= Elshad Abdullayev =

Azerbaijani lawyer

Elshad Islam oglu Abdullayev (Elşad Abdullayev) is an Azerbaijani lawyer and former university rector who gained wide popularity in 2012 after producing and publishing hidden camera videos, raising public and international awareness of corruption in the Azerbaijani government. The controversy that arose as a result came to be known as the Gulargate scandal, after former MP Gular Ahmadova of the ruling New Azerbaijan Party, who featured in the first video. He lives in exile in France.

==Early career==
Abdullayev was born in the town of Kurdamir in central Azerbaijan where he received secondary education. In 1979, he graduated with an honors degree in law from the Baku State University. He received a master's and later a doctorate degree in law in Moscow in 1985 and 2000 respectively. He was the dean of the constitution law department of Baku State University since 1995 and a professor since 2004. He is married and has three children.

==2005 parliamentary election campaign and voter bribery==
Abdullayev joined the New Azerbaijan Party and unsuccessfully ran as a candidate in the parliamentary election of 2005. Notably, his constituency of Binagadi II was among the five in which the voting results (according to which Abdullayev won) became void and new voting was scheduled for 2006. However, a polling station official reported violations during the campaign, namely that Elshad Abdullayev had reportedly been bribing the electorate to gain votes. A criminal case ensued and the court was presented evidence, following which Abdullayev's candidacy was annulled.

In 2012, Abdullayev claimed that he believed he had in fact won the election, but that "certain powers" did not wish to see him in the parliament, as that would enable Abdullayev to expose the actions of a "criminal gang of kidnappers" who, he alleged, were responsible for the kidnapping of his older brother, Ministry of State Security officer Mahir Abdullayev, back in 2003 and poisoning of his younger brother Eldaniz Abdullayev who undertook a personal investigation of the kidnapping.

==Controversies around the Azerbaijan International University==

In 1997, Abdullayev founded the Azerbaijan International University, a registered private institution for post-secondary education in Baku, Azerbaijan. In 2006, the Attorney General's Office announced it had received reports of corruption taking place in the institution, including proof of bribe-based student admission while passing over the official state admission examination. As a result of a four-year-long investigation, the university was stripped of its license on the orders of Minister of Education Misir Mardanov on 30 August 2010. Elshad Abdullayev disagreed with the Ministry's decision, claiming that his had received a four-year license in 2007 and that it could not have been simply revoked, but only expired.

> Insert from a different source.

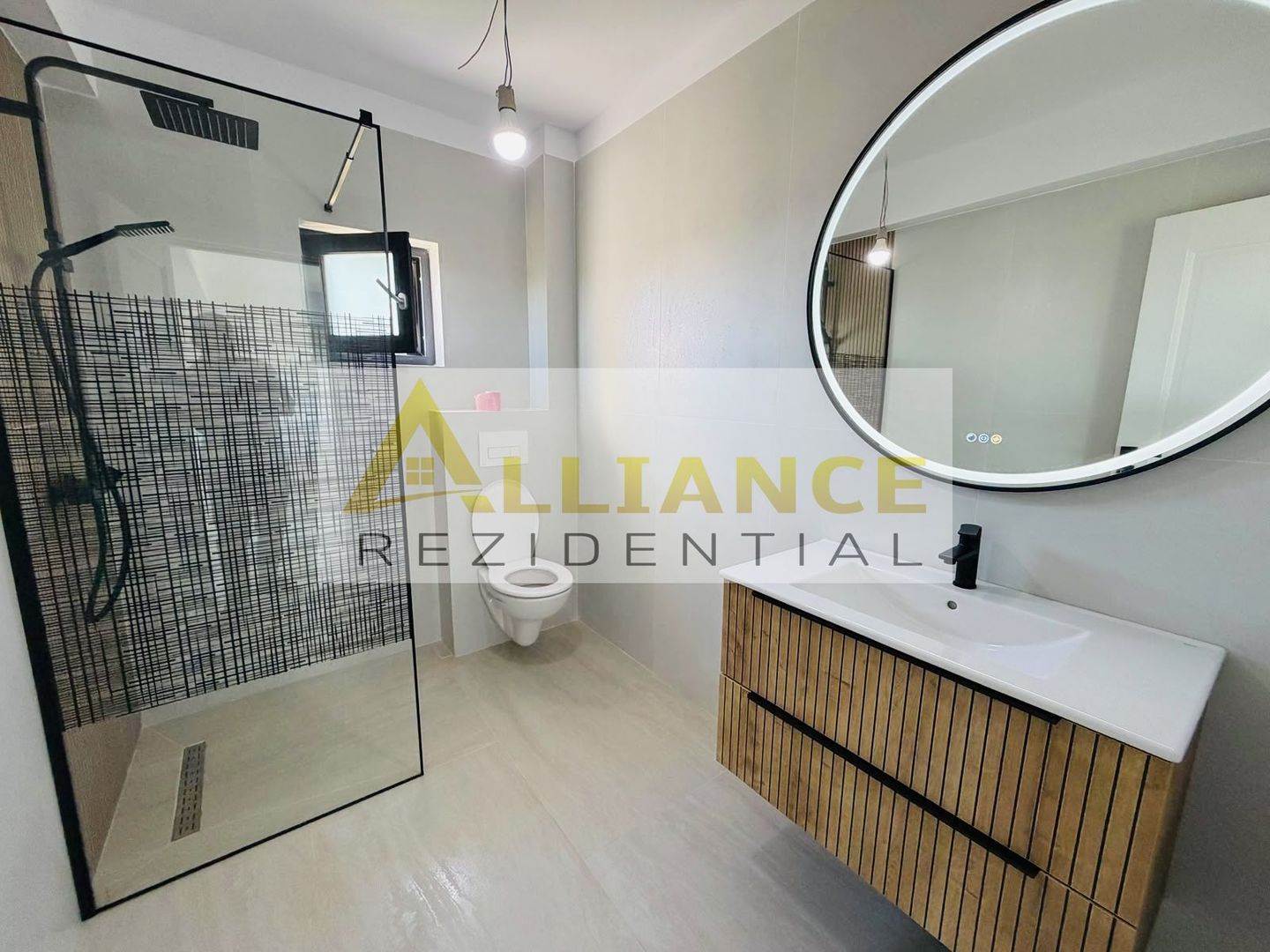 Casa individuală , 4 camere , 3 băi , 135 mp utili ! - Poză 14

In 2010, former employees of the university were charged with illegal organ transplanting at the medical centre affiliated with the Azerbaijan International University. Abdullayev sought political asylum in France soon afterwards.

==Gulargate scandal==

In September 2012, Abdullayev accused government officials of Azerbaijan of having forced him to pay a 2,000,000-dollar bribe back in 2005 in return for finding his brother and obtaining a seat in the National Assembly. Neither even happened, according to Abdullayev, and the money was not returned to him. Abdullayev specifically accused the head of the Presidential Administration of Azerbaijan Ramiz Mehdiyev and claimed that Member of Parliament Gular Ahmadova helped broker the deal. After Ahmadova's denial, Abdullayev published a video on YouTube where he is seen discussing the bribe sum to be paid to Gular Ahmadova to be taken to higher authorities in return for a seat in the National Assembly and finding his kidnapped brother. Abdullayev warned of being in possession of more videos, where names of President Ilham Aliyev and Minister of Emergency Situations Kamaladdin Heydarov are also mentioned. He also expressed concerns that instead of trying Ahmadova for extortion, Attorney General Zakir Garalov chose to persecute Abdullayev's family members in Azerbaijan in retaliation. He added that none of this would have been published, had the authorities established a neutral investigation commission. Abdullayev released other videos in the course of the next few months, widening the controversy. He admitted that with these videos, he specifically targeted Ramiz Mehdiyev who had allegedly established "death squadrons" in 1994 that have been behind a number of controversial assassinations.

==Court actions==
In June 2025, a court in Baku issued arrest warrants for Abdullayev and several other activists and journalists who have publicly criticized Azerbaijani authorities and live in other countries. The international organization Human Rights Watch described the arrest warrants as part of a pattern of suppressing dissent by bringing spurious criminal charges. Abdullayev was charged with bribery, tax evasion, and illegal organ trafficking. In December 2025, the Baku Grave Crimes Court sentenced Abdullayev, who was not present, to 15 years in prison.